TASK STATEMENT ▸ Starting with the line where "Polymyalgia Rheumatica: A" appears, print every line through the end of the entries below exactly as it stands, and leave out the pictures.
** MATERIAL FOR THIS EXERCISE follows **
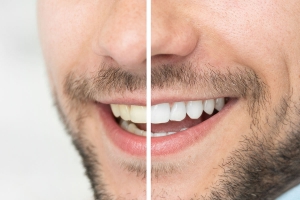 Choosing the Right Whitening Method: A Guide for Residents in Millwoods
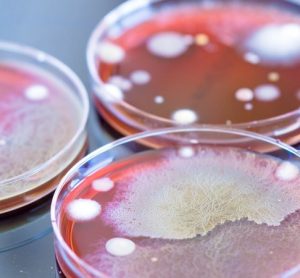 Three petri dishes with colonies of microorganisms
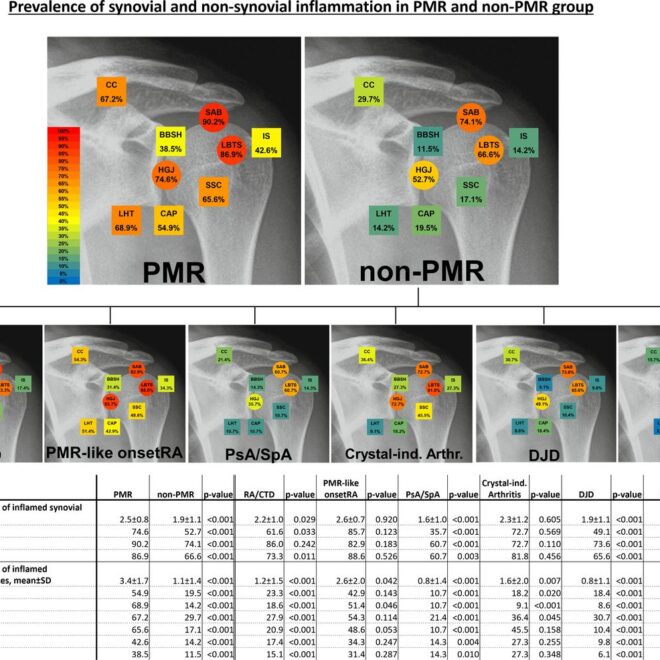 Polymyalgia Rheumatica: A Guide to Understanding the Condition (PMR)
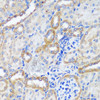 Immunohistochemistry of paraffin-embedded Mouse kidney using ERK1 / ERK2 Polyclonal Antibody at dilution of  1:200 (40x lens).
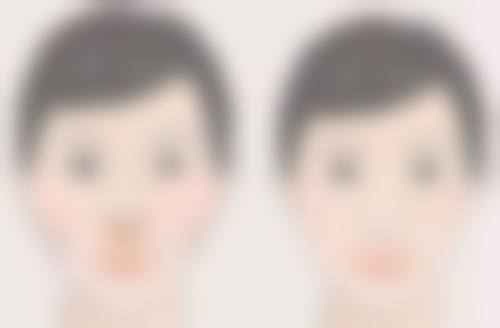 除皱可以维持多久?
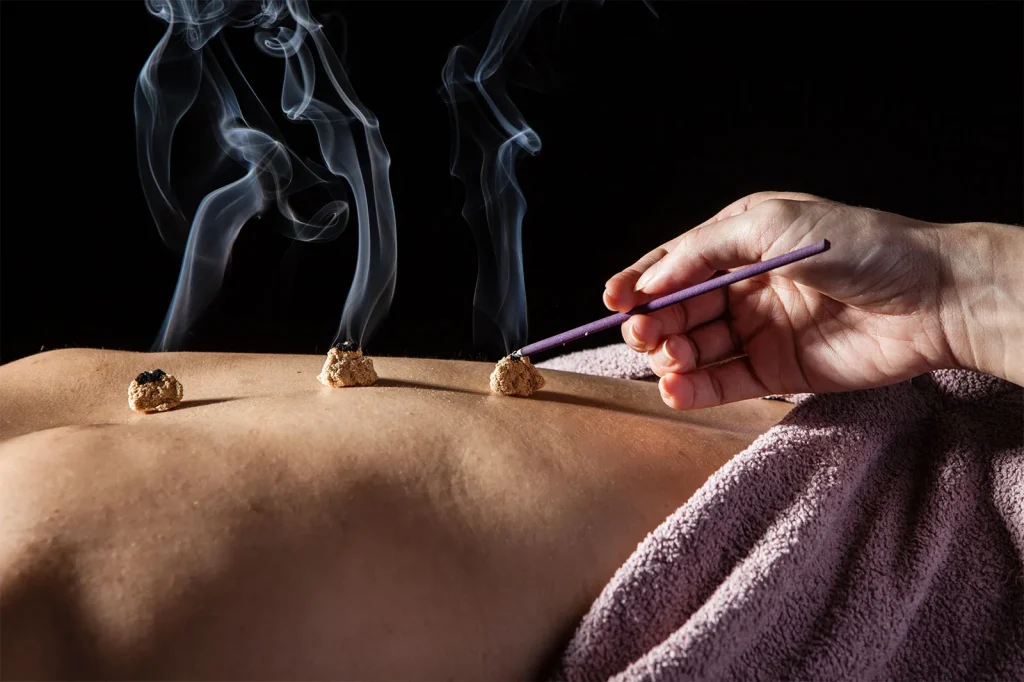 This image has an empty alt attribute; its file name is moxibustion-cones-moxa-treatment-points-top-needles-1024x682.webp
** End of MATERIAL FOR THIS EXERCISE **
EXERCISE ANSWER ▸
 Polymyalgia Rheumatica: A Guide to Understanding the Condition (PMR)
 Immunohistochemistry of paraffin-embedded Mouse kidney using ERK1 / ERK2 Polyclonal Antibody at dilution of  1:200 (40x lens).
 除皱可以维持多久?
 This image has an empty alt attribute; its file name is moxibustion-cones-moxa-treatment-points-top-needles-1024x682.webp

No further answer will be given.